**Exercise prompt:** Please reproduce the entries below exactly from the line with "Azul Carenagem Moto Kawasaki EX650 06-08 Azul" through their last line, leaving out any pictures.

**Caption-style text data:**
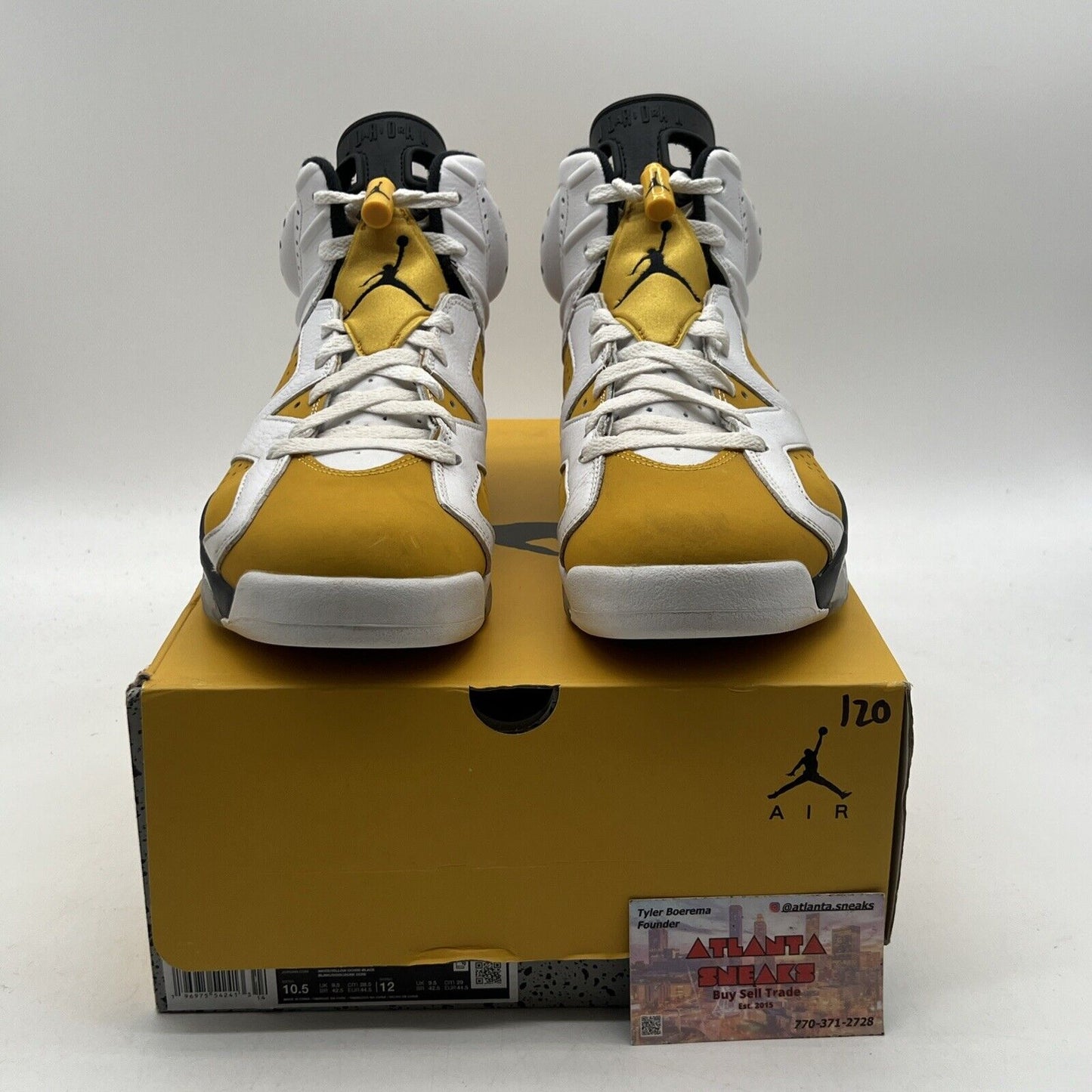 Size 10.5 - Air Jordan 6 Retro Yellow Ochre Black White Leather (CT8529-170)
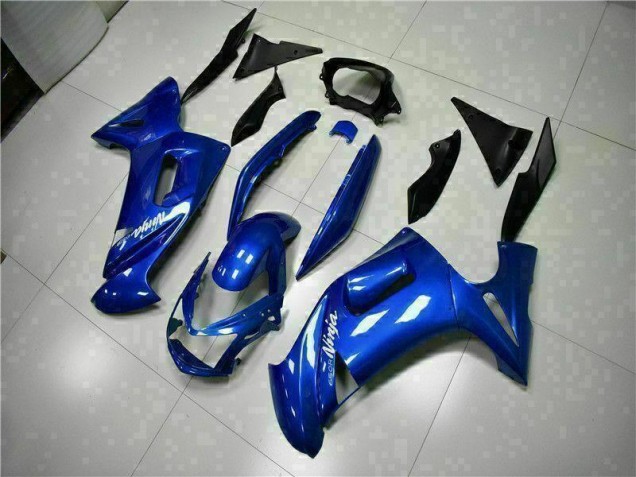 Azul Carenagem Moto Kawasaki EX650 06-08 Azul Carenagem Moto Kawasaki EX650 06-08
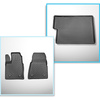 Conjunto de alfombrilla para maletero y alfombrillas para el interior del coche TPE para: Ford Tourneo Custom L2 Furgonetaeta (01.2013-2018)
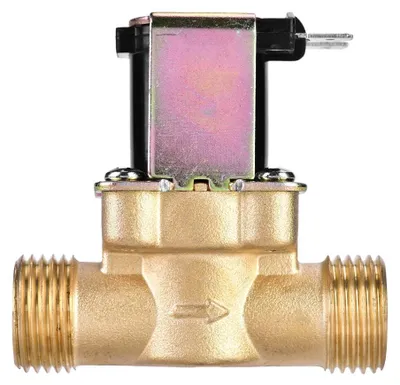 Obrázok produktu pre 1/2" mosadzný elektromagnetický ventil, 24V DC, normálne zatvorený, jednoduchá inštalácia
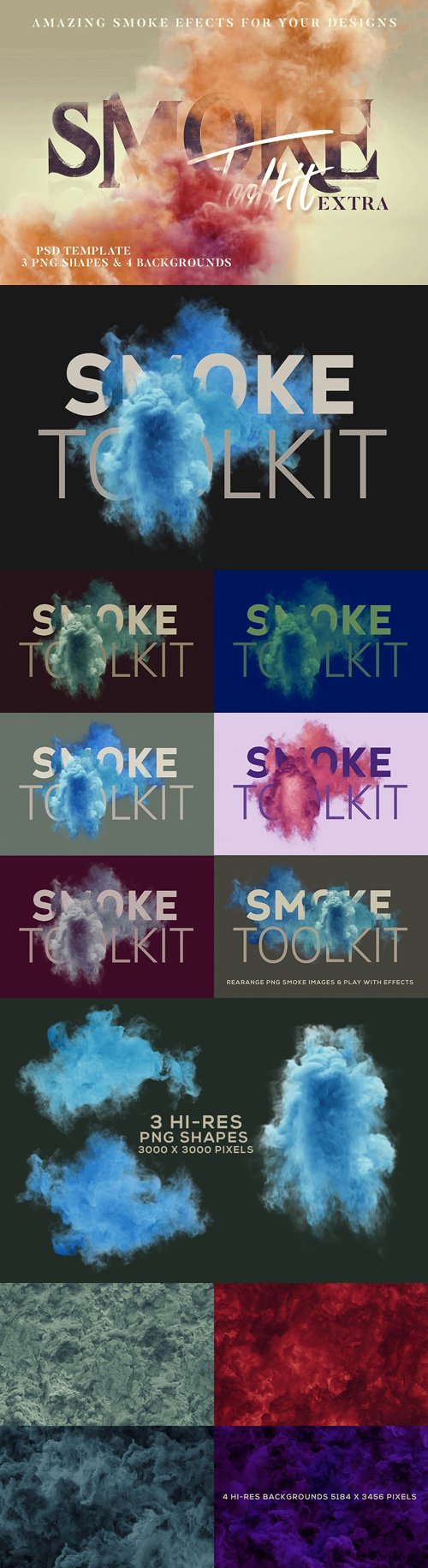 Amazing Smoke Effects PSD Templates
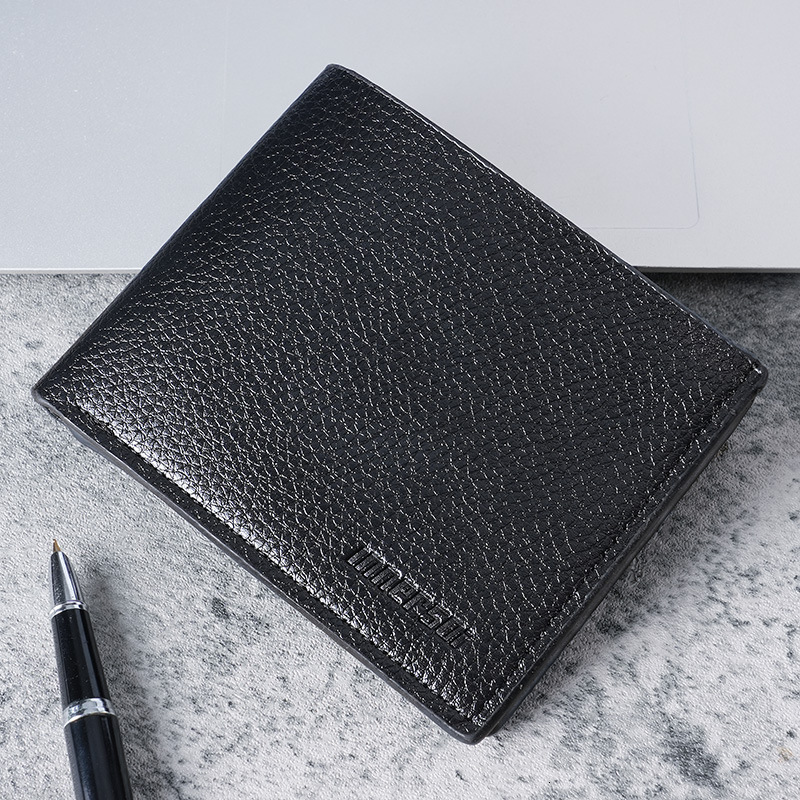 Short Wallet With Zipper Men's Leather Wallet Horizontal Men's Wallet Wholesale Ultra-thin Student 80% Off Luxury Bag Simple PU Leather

**Answer space:**
 Azul Carenagem Moto Kawasaki EX650 06-08 Azul Carenagem Moto Kawasaki EX650 06-08
 Conjunto de alfombrilla para maletero y alfombrillas para el interior del coche TPE para: Ford Tourneo Custom L2 Furgonetaeta (01.2013-2018)
 Obrázok produktu pre 1/2" mosadzný elektromagnetický ventil, 24V DC, normálne zatvorený, jednoduchá inštalácia
 Amazing Smoke Effects PSD Templates
 Short Wallet With Zipper Men's Leather Wallet Horizontal Men's Wallet Wholesale Ultra-thin Student 80% Off Luxury Bag Simple PU Leather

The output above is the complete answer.